Work request:
Set down exactly the lines that run from the one containing "304 Stainless Steel" to the end of the material below, both included, without pictures.

The data:
-------

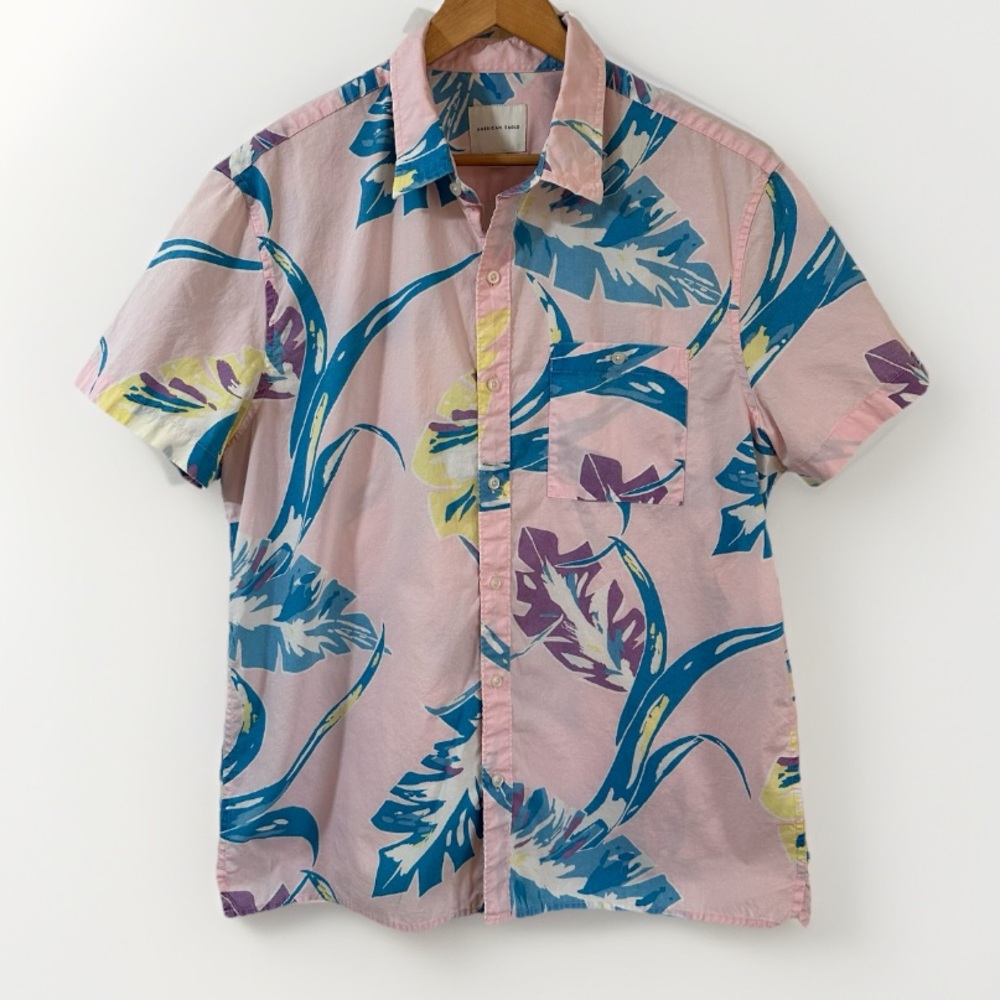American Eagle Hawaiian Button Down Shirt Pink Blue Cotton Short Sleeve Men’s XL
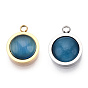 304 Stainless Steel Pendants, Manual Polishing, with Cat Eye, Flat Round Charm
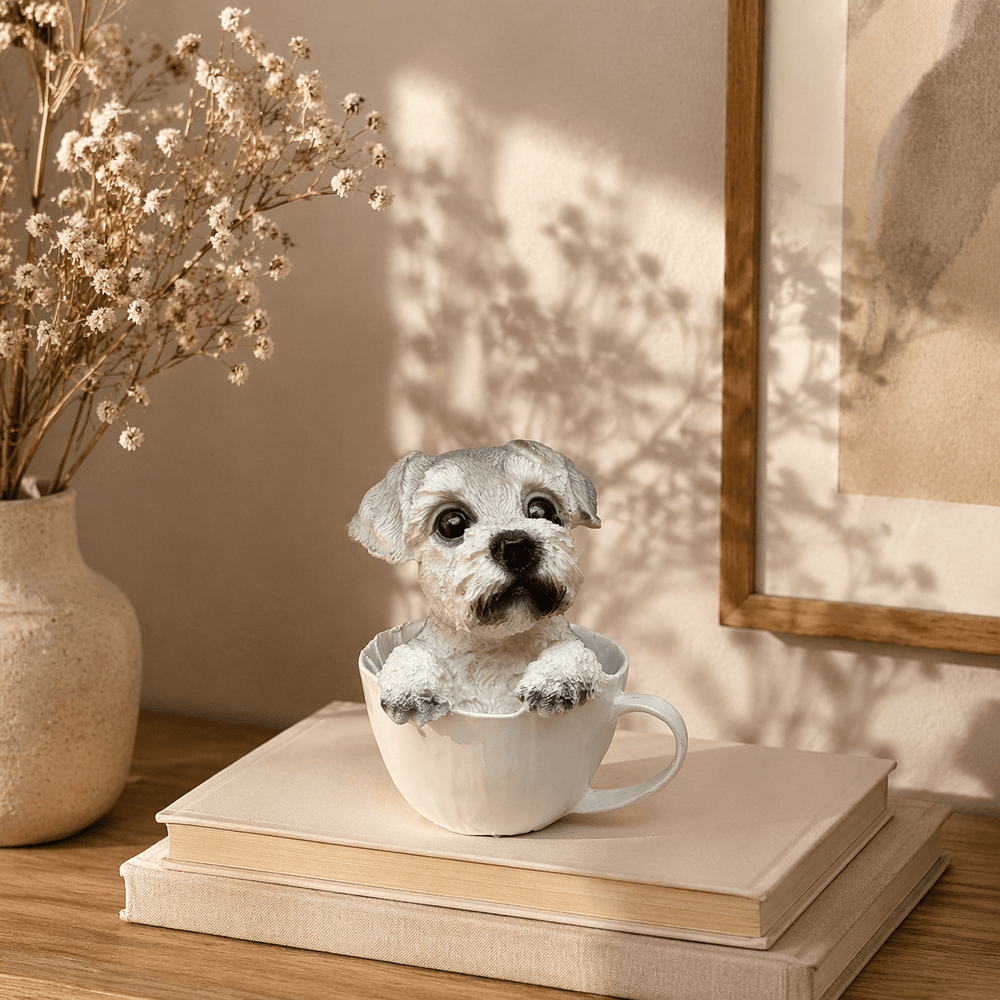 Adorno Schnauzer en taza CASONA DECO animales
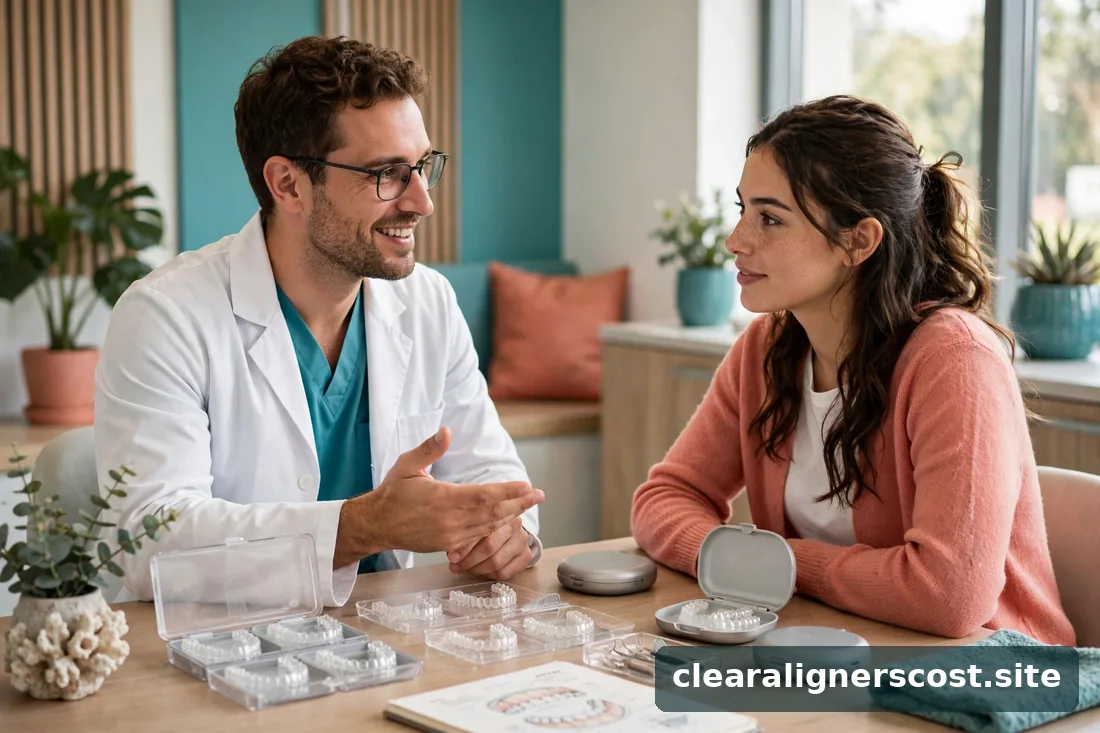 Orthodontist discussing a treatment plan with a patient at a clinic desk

-------

Solved exercise:
 304 Stainless Steel Pendants, Manual Polishing, with Cat Eye, Flat Round Charm
 Adorno Schnauzer en taza CASONA DECO animales
 Orthodontist discussing a treatment plan with a patient at a clinic desk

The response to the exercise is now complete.